3To use host binaries, run `chroot /host`
4Pod IP: 192.168.1.201
5If you don't see a command prompt, try pressing enter.
6# sh-4.4
7# chroot /host
8# /run/bin/machine-config-daemon pivot "quay.io/openshift-release-dev/ocp-v4.0-art-dev@sha256:aaaabbbbccccdddd"
Forcing a Node to Use a Specific MachineConfig
As a last resort - and experience has shown it really is better to address any MCO issues in other ways before doing this - you can force a node to reboot and use a different MachineConfig
. This is done by manually editing the machineconfiguration annotations on the Node object itself.
1oc patch node server01 --type merge --patch '{"metadata": {"annotations": {"machineconfiguration.openshift.io/currentConfig": "render-worker-52656729c24a7493"}}}'
2oc patch node server01 --type merge --patch '{"metadata": {"annotations": {"machineconfiguration.openshift.io/desiredConfig": "render-worker-52656729c24a7493"}}}'
3oc patch node server01 --type merge --patch '{"metadata": {"annotations": {"machineconfiguration.openshift.io/reason": ""}}}'
4oc patch node server01 --type merge --patch '{"metadata": {"annotations": {"machineconfiguration.openshift.io/state": "Done"}}}'
Then you have to connect to the node and touch a machine-config-daemon-force file. This will trigger the machine-config-daemon to do a reboot and to force the update to the MachineConfig
.
1$ oc debug node/server01
2[root@server01 core] chroot /host
3[root@server01 core] touch /run/machine-config-daemon-force
On occasion, you might not be able to connect to the node using an oc debug pod. I've seen this happen when a systemd unit running podman early in the boot process has had an image pull failure, and the debug pod is also not able to run when kubelet is not running properly, mean SSH is the only option.
1$ ssh core@server01
2[root@server01 core] touch /run/machine-config-daemon-force
Pausing MCO Updates
As described above, the MCO will automatically carry on the work of rebooting and managing your nodes if you let it. This is great, but does mean that nodes in the cluster can sometimes be rebooted without warning. Of course, true cloud-native Kubernetes ready applications should be running multiple replicas across nodes anyway, and this shouldn't normally be a problem.
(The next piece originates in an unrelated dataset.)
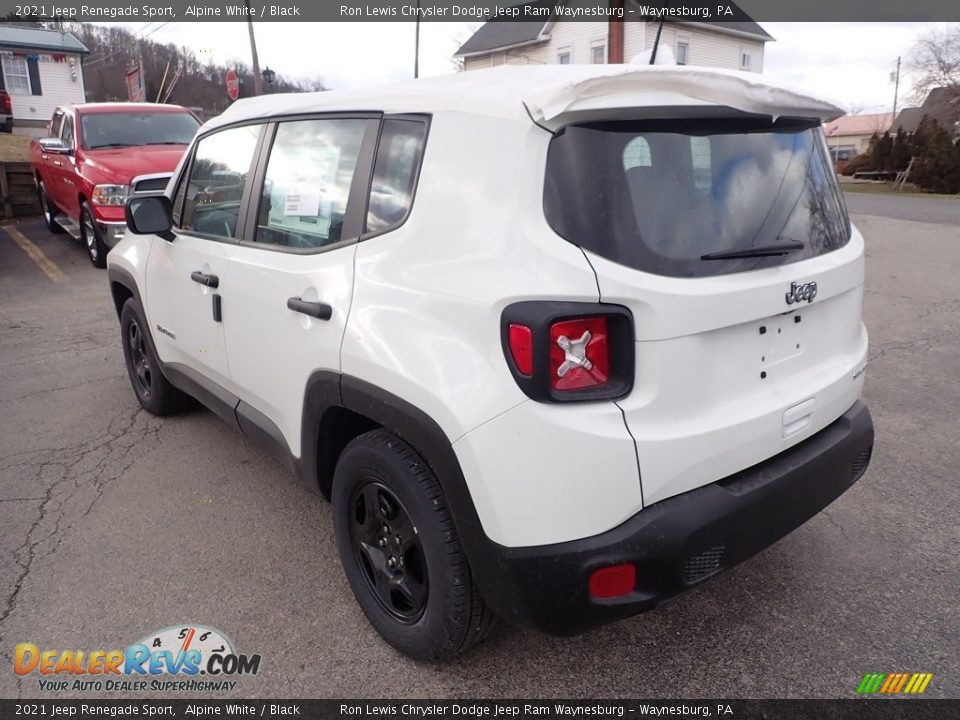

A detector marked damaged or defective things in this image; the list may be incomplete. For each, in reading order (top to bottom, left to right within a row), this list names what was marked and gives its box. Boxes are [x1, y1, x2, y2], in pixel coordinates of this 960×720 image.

cracked pavement [0, 212, 956, 696]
However, should you wish to pause the MCO so that it doesn't automatically reboot nodes when you don't want it to, you can "pause" the worker pools by setting the .spec.paused
field in the MachineConfigPool
. For example, by running the following patch commands:
1$ oc patch mcp master --type merge --patch '{"spec":{"paused": true}}'
2$ oc patch mcp worker --type merge --patch '{"spec":{"paused": true}}'
It should be noted that you shouldn't leave the MachineConfigPool's
paused for long periods of times. This can cause issues for MCO if configuration updates combine with cluster cert rotation events. However, pausing them whilst the actual OCP control plane upgrade happens and then unpausing when you're ready for all the nodes to be rebooted can be very useful.
Summary
The Machine Config Operator is a clever piece of software that significantly reduces workload of running and managing nodes in an OpenShift cluster. However, it's important for cluster administrators to understand how it works, and to be able to successfully recover it when any issues arise and it becomes degraded. Hopefully, this blog post will help you understand it a little better and to resolve any issues you encounter.